Give every entry again, exactly as it stands.

## Provided information
==*==

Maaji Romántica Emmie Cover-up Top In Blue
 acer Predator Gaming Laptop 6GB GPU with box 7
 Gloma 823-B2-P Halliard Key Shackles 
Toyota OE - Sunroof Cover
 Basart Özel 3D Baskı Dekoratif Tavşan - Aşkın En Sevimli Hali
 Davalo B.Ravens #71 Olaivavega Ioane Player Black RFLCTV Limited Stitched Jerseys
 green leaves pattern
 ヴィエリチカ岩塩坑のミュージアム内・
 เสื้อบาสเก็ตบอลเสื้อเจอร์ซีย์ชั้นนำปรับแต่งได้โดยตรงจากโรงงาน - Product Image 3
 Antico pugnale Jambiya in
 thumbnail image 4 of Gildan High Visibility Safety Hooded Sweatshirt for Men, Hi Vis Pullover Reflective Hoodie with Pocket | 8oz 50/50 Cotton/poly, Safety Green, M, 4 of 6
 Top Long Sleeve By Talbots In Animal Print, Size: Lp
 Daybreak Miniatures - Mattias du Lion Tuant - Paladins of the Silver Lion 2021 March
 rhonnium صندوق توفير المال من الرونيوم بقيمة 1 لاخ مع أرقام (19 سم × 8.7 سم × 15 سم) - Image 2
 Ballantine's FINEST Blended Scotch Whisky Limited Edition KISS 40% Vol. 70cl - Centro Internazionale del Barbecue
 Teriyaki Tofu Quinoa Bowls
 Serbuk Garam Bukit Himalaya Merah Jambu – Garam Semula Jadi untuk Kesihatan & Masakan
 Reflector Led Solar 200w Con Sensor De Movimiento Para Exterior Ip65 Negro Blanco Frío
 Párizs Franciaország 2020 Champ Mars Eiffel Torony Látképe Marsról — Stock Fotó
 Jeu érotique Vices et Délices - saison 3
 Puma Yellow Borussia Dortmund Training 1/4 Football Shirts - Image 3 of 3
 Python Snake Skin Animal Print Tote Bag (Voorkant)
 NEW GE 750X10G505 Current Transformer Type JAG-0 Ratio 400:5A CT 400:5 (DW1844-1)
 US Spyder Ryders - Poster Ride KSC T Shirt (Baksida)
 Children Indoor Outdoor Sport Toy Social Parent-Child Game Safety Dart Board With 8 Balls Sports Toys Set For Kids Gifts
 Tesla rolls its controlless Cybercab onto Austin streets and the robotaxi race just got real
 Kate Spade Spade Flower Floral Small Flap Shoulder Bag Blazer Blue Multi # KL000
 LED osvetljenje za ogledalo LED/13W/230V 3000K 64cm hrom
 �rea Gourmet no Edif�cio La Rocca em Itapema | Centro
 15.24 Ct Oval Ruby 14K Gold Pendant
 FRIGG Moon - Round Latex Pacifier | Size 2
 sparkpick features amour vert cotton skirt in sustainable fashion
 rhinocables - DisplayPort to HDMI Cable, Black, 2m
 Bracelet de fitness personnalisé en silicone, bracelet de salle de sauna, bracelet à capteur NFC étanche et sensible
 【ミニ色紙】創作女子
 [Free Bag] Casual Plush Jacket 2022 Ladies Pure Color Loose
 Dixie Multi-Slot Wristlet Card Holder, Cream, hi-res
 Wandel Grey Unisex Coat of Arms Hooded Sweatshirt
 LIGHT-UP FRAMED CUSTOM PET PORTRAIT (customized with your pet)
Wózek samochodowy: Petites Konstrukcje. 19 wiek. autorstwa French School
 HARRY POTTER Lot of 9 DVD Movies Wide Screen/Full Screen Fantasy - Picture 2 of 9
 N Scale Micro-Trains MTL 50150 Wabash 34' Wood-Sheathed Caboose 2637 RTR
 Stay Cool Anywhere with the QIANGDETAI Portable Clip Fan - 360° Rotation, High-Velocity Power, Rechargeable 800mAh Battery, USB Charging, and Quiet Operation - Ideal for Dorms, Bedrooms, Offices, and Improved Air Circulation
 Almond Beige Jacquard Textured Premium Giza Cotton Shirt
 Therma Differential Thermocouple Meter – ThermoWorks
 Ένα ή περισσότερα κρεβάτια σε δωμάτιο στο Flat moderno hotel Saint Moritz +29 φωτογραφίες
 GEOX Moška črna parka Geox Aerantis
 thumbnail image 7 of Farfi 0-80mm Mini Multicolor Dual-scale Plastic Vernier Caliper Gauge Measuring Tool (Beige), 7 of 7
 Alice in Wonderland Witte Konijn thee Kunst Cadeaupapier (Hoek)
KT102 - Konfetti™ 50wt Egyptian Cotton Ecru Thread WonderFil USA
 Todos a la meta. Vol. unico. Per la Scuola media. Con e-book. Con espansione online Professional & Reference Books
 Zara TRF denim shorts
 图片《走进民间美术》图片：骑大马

==*==

## Written response
Maaji Romántica Emmie Cover-up Top In Blue
 acer Predator Gaming Laptop 6GB GPU with box 7
 Gloma 823-B2-P Halliard Key Shackles 
Toyota OE - Sunroof Cover
 Basart Özel 3D Baskı Dekoratif Tavşan - Aşkın En Sevimli Hali
 Davalo B.Ravens #71 Olaivavega Ioane Player Black RFLCTV Limited Stitched Jerseys
 green leaves pattern
 ヴィエリチカ岩塩坑のミュージアム内・
 เสื้อบาสเก็ตบอลเสื้อเจอร์ซีย์ชั้นนำปรับแต่งได้โดยตรงจากโรงงาน - Product Image 3
 Antico pugnale Jambiya in
 thumbnail image 4 of Gildan High Visibility Safety Hooded Sweatshirt for Men, Hi Vis Pullover Reflective Hoodie with Pocket | 8oz 50/50 Cotton/poly, Safety Green, M, 4 of 6
 Top Long Sleeve By Talbots In Animal Print, Size: Lp
 Daybreak Miniatures - Mattias du Lion Tuant - Paladins of the Silver Lion 2021 March
 rhonnium صندوق توفير المال من الرونيوم بقيمة 1 لاخ مع أرقام (19 سم × 8.7 سم × 15 سم) - Image 2
 Ballantine's FINEST Blended Scotch Whisky Limited Edition KISS 40% Vol. 70cl - Centro Internazionale del Barbecue
 Teriyaki Tofu Quinoa Bowls
 Serbuk Garam Bukit Himalaya Merah Jambu – Garam Semula Jadi untuk Kesihatan & Masakan
 Reflector Led Solar 200w Con Sensor De Movimiento Para Exterior Ip65 Negro Blanco Frío
 Párizs Franciaország 2020 Champ Mars Eiffel Torony Látképe Marsról — Stock Fotó
 Jeu érotique Vices et Délices - saison 3
 Puma Yellow Borussia Dortmund Training 1/4 Football Shirts - Image 3 of 3
 Python Snake Skin Animal Print Tote Bag (Voorkant)
 NEW GE 750X10G505 Current Transformer Type JAG-0 Ratio 400:5A CT 400:5 (DW1844-1)
 US Spyder Ryders - Poster Ride KSC T Shirt (Baksida)
 Children Indoor Outdoor Sport Toy Social Parent-Child Game Safety Dart Board With 8 Balls Sports Toys Set For Kids Gifts
 Tesla rolls its controlless Cybercab onto Austin streets and the robotaxi race just got real
 Kate Spade Spade Flower Floral Small Flap Shoulder Bag Blazer Blue Multi # KL000
 LED osvetljenje za ogledalo LED/13W/230V 3000K 64cm hrom
 �rea Gourmet no Edif�cio La Rocca em Itapema | Centro
 15.24 Ct Oval Ruby 14K Gold Pendant
 FRIGG Moon - Round Latex Pacifier | Size 2
 sparkpick features amour vert cotton skirt in sustainable fashion
 rhinocables - DisplayPort to HDMI Cable, Black, 2m
 Bracelet de fitness personnalisé en silicone, bracelet de salle de sauna, bracelet à capteur NFC étanche et sensible
 【ミニ色紙】創作女子
 [Free Bag] Casual Plush Jacket 2022 Ladies Pure Color Loose
 Dixie Multi-Slot Wristlet Card Holder, Cream, hi-res
 Wandel Grey Unisex Coat of Arms Hooded Sweatshirt
 LIGHT-UP FRAMED CUSTOM PET PORTRAIT (customized with your pet)
Wózek samochodowy: Petites Konstrukcje. 19 wiek. autorstwa French School
 HARRY POTTER Lot of 9 DVD Movies Wide Screen/Full Screen Fantasy - Picture 2 of 9
 N Scale Micro-Trains MTL 50150 Wabash 34' Wood-Sheathed Caboose 2637 RTR
 Stay Cool Anywhere with the QIANGDETAI Portable Clip Fan - 360° Rotation, High-Velocity Power, Rechargeable 800mAh Battery, USB Charging, and Quiet Operation - Ideal for Dorms, Bedrooms, Offices, and Improved Air Circulation
 Almond Beige Jacquard Textured Premium Giza Cotton Shirt
 Therma Differential Thermocouple Meter – ThermoWorks
 Ένα ή περισσότερα κρεβάτια σε δωμάτιο στο Flat moderno hotel Saint Moritz +29 φωτογραφίες
 GEOX Moška črna parka Geox Aerantis
 thumbnail image 7 of Farfi 0-80mm Mini Multicolor Dual-scale Plastic Vernier Caliper Gauge Measuring Tool (Beige), 7 of 7
 Alice in Wonderland Witte Konijn thee Kunst Cadeaupapier (Hoek)
KT102 - Konfetti™ 50wt Egyptian Cotton Ecru Thread WonderFil USA
 Todos a la meta. Vol. unico. Per la Scuola media. Con e-book. Con espansione online Professional & Reference Books
 Zara TRF denim shorts
 图片《走进民间美术》图片：骑大马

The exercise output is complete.